Irgendwann haben wir aber dann doch die gängigste Aufstiegsrinne durch die Südwestflanke erreicht. Hier geht es mässig steil in Schutt, Geröll und Gras zum Südgrat hinauf, den man unmittelbar am Nordabbruch der obersten Schichtstufe erreicht (T4+). Zwar könnte das Gras deutlich besser gestuft sein, doch ist diese Route bei einigermassen trockenen Verhältnissen auch im Abstieg gut zu gehen (mit etwas Zick-Zack sucht man sich die beste Linie). Der Gipfelkopf besteht dann wieder aus den charakteristischen, brüchigen Flyschplatten. Über diese und auf Schuttbändern gelangt man in wenigen Schritten auf den wenig Platz bietenden Südgipfel, der durch einen stattlichen Steinmann gekrönt wird. Dummerweise befindet sich der höchste Punkt auf dem durch eine tiefe Scharte getrennten Nordgipfel, der kaum einen Meter höher ist als der Südgipfel. Der Übergang sieht allerdings nicht ganz trivial aus: Im ersten Drittel ist die abzukletternde Kante noch einigermassen gut gestuft, der untere Teil ist aber praktisch senkrecht, erschwerend hinzu kommt das ausserordentlich brüchige Material - die Flyschplatten brechen ja schon heraus, wenn man sie nur mal scharf anschaut… ;-). Da wir natürlich weder Seil noch Sicherungsmaterial dabei hatten, wäre dieses "Problem" auf den untersten Metern wohl nur durch einen waghalsigen Sprung in die Scharte bzw. den Gegenhang des Nordgipfels zu lösen gewesen. Und dann wäre noch immer nicht klar gewesen, ob und wie wir wieder zurück kommen…
 
Somit mussten wir uns wohl oder übel mit dem Südgipfel begnügen - die Aussicht ist ja dieselbe.
 
Nach Abstieg zum Südfuss des Berges hängen wir noch eine schöne Höhenwanderung an, indem wir auf einer Höhe von ca. 2100 m die sonnendurchfluteten Südhänge unter Zinerspitz und Egghorn queren, bevor wir über den Plaggenboden zu den verlassenen Hütten der Alp Säss (1889 m) absteigen.

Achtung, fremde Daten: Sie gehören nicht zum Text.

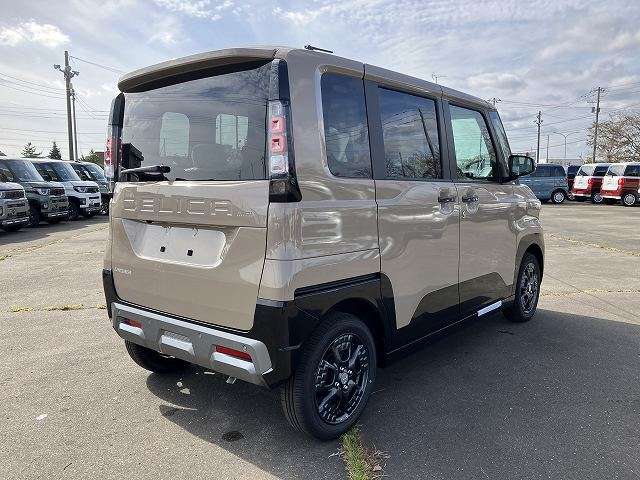 三菱 デリカ　ミニ ６６０ Ｔ プレミアム ４ＷＤ R8年 () 99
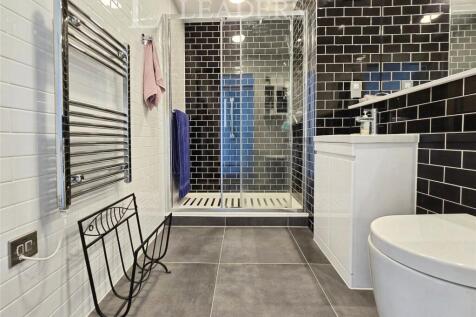 Shower En-Suite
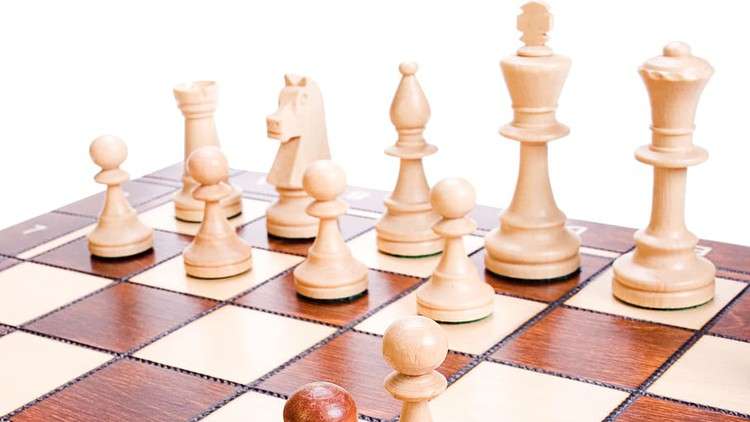 Read more about the article Chess For Beginners – Complete Guide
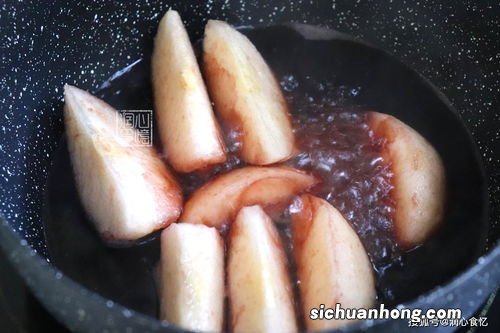 煮梨放在什么里面煮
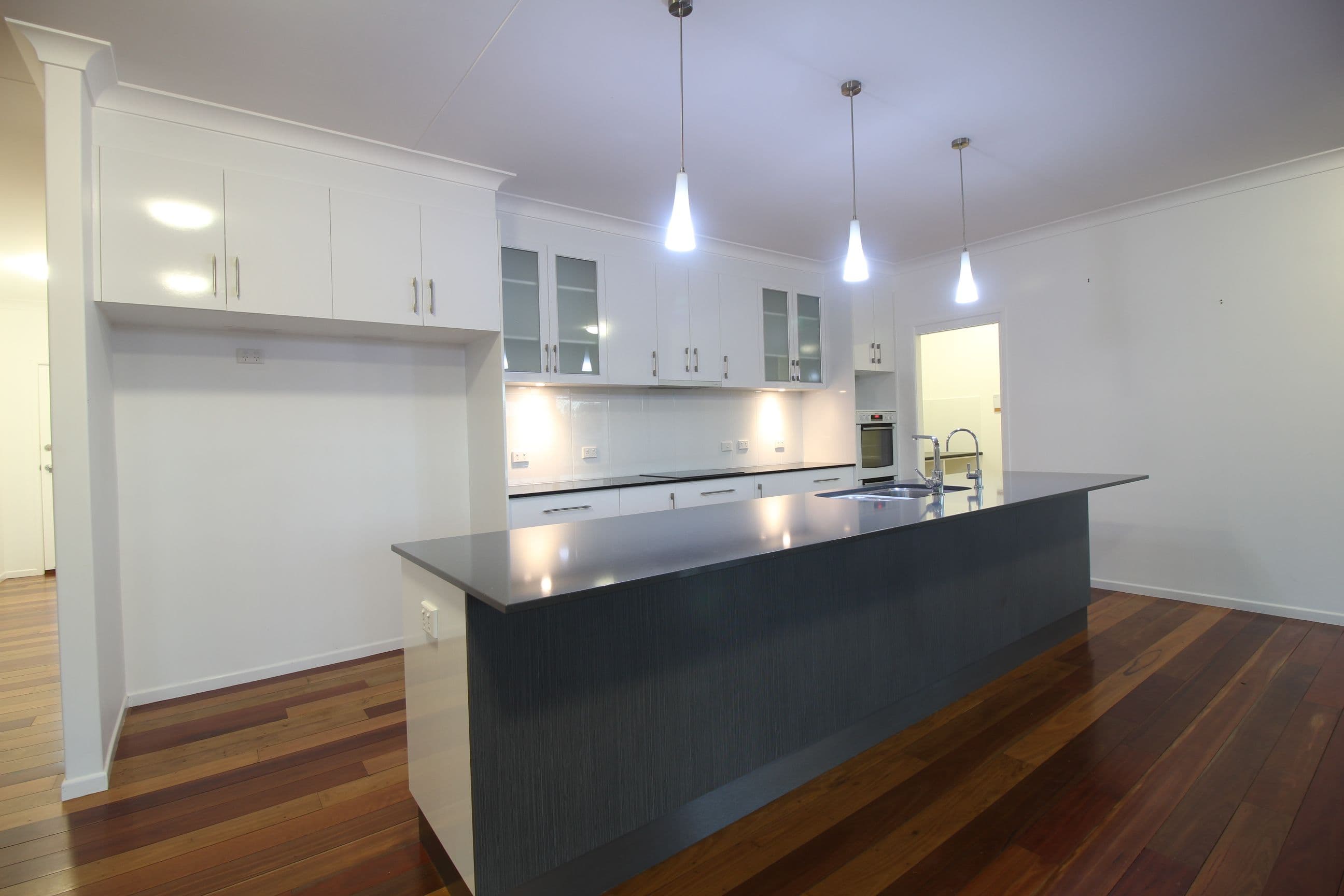 11 Birch Drive, Emerald QLD 4720, Emerald - Thumbnail 5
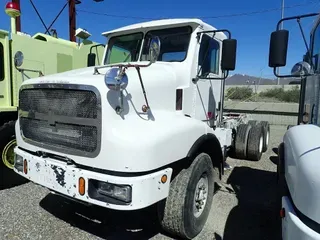 2005 Oshkosh F2346 - 6x6 Cab & Chassis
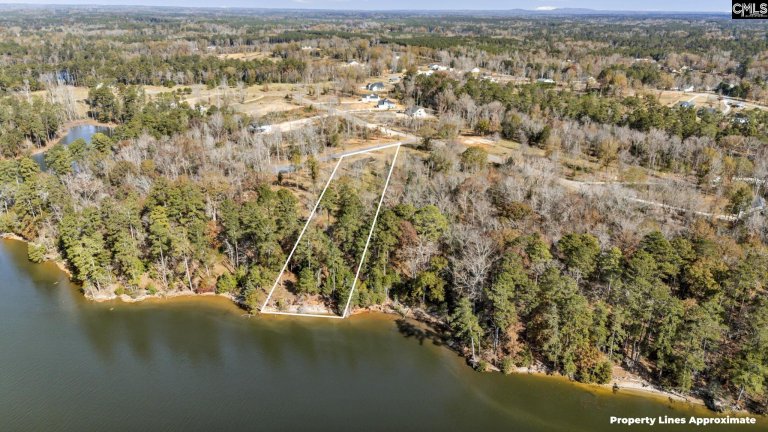 0 Bridge View Court active home in LANDS END AT WOODSIDE SHORES, Prosperity, SC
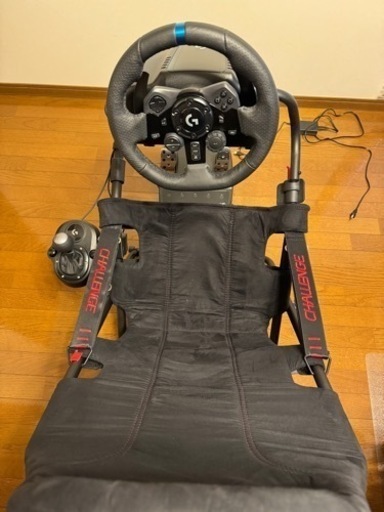 ハンドルコントローラとレーシングコックピットのセット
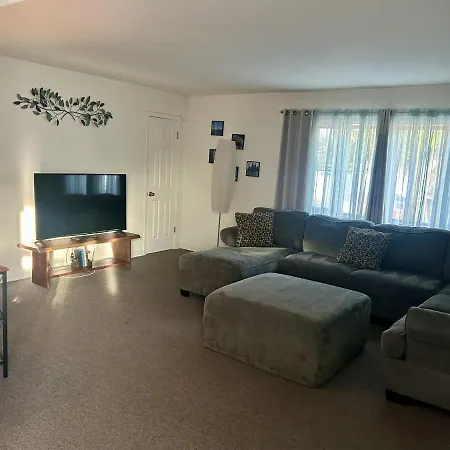 A Spacious & Blissful Stay In Queens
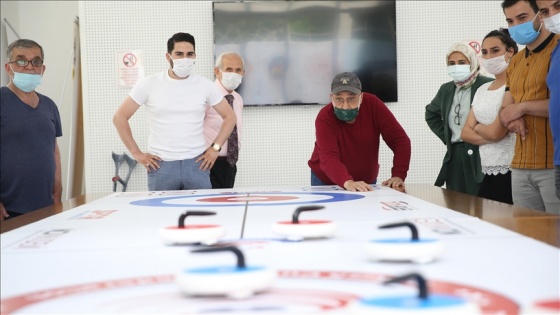 Darülaceze sakinleri, 'Floor Curling' müsabakalarında gönüllü gençlerle kıyasıya yarıştı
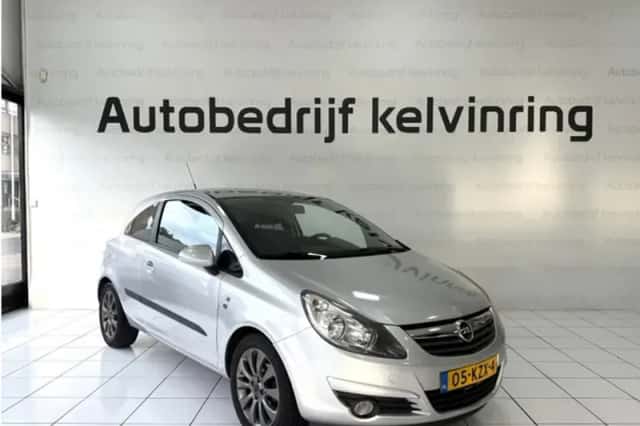 Opel Corsa (2010) thumbnail 3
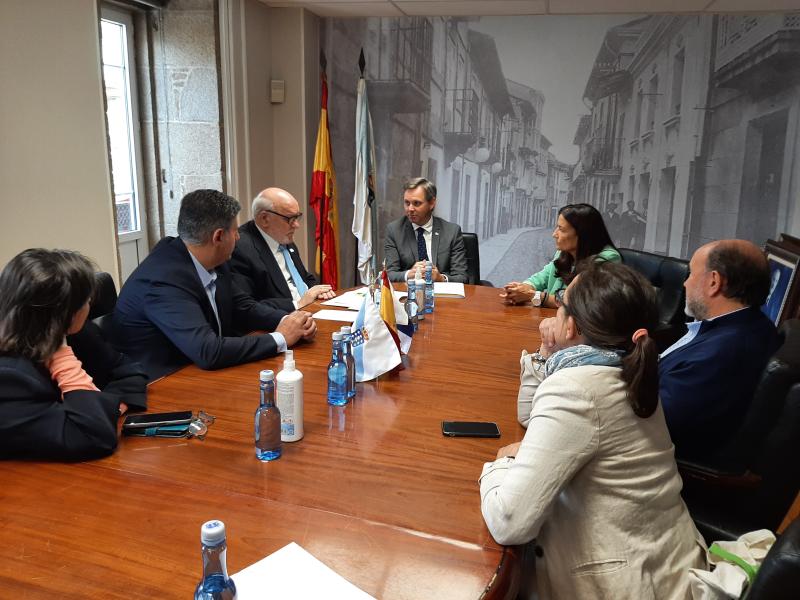 José Miñones certifica la inversión del Gobierno de 8 M€ a través de cuatro ministerios para hacer una Sarria “más sostenible, mejor conectada y con mejores servicios para su ciudadanía”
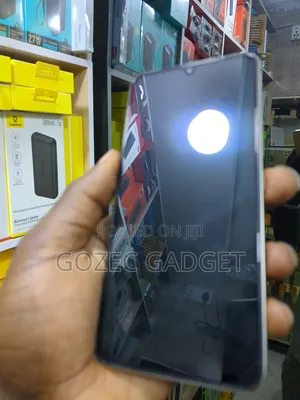 Vivo V25 128 GB Orange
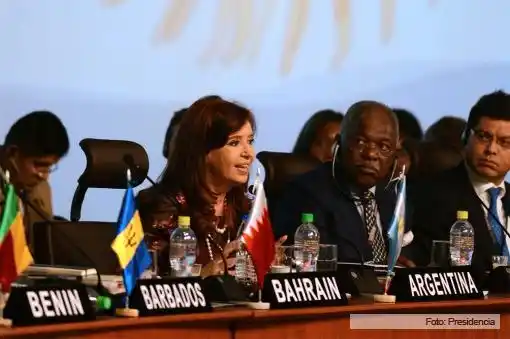 "La suerte de la economía mundial no puede quedar en manos de calificadoras de riesgo"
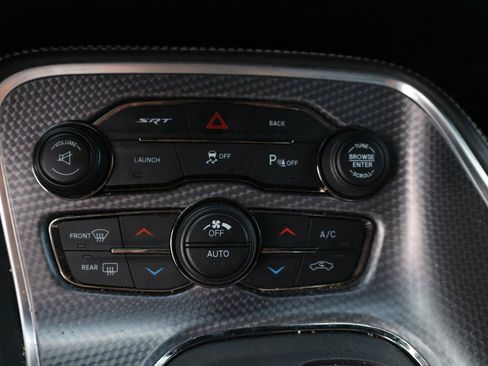 Used 2016 Dodge Challenger SRT Hellcat RWD image 9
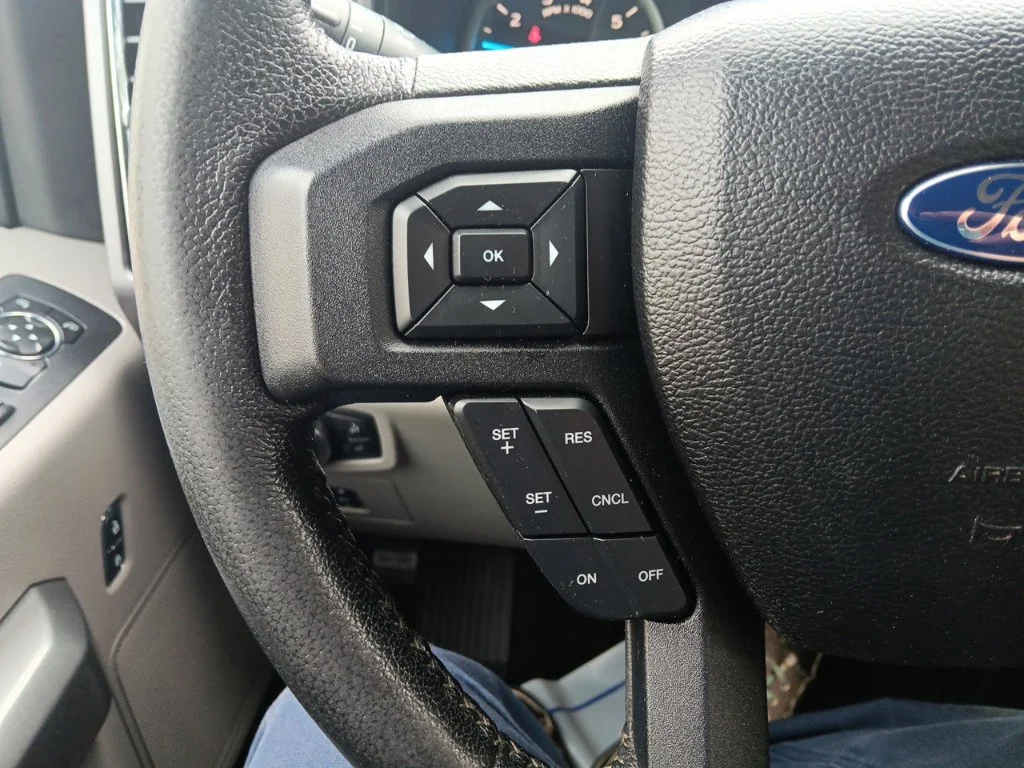 Used 2016 Blue Jeans Metallic Ford XLT image 20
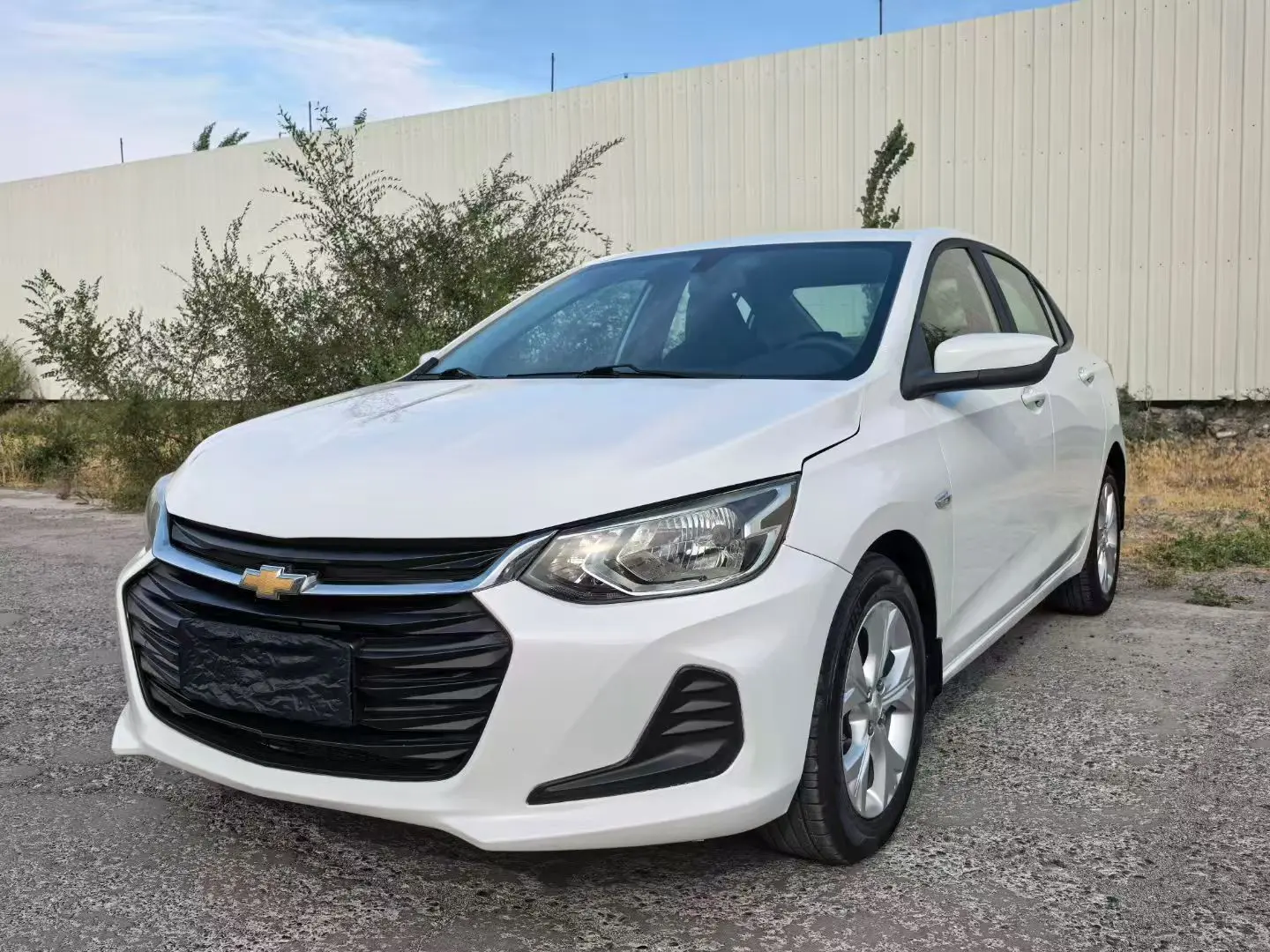 Chevrolet Onix (Kovoz)  из Китая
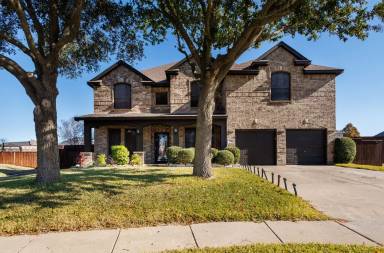 Main picture of 936 Bending Oak Dr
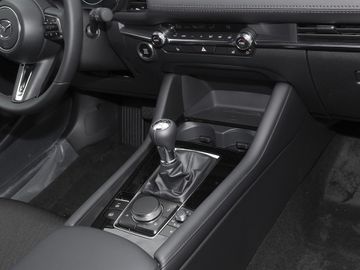Mazda 3 Exclusive-Line Matrix360°BoseKlimaauto.Nav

Dort geniessen wir noch ein wenig die Abendsonne und den herrlichen Blick auf die Nordwände des Ringelspitz. Der steile Alpweg hinunter nach St. Martin vernichtet zwar effizient Höhenmeter, befindet sich nach dem Alpabtrieb jedoch in einem fürchterlichen Zustand. Über die komplette Länge gleicht er einem tief zerfurchten Acker, zum Glück war das Geläuf einigermassen trocken!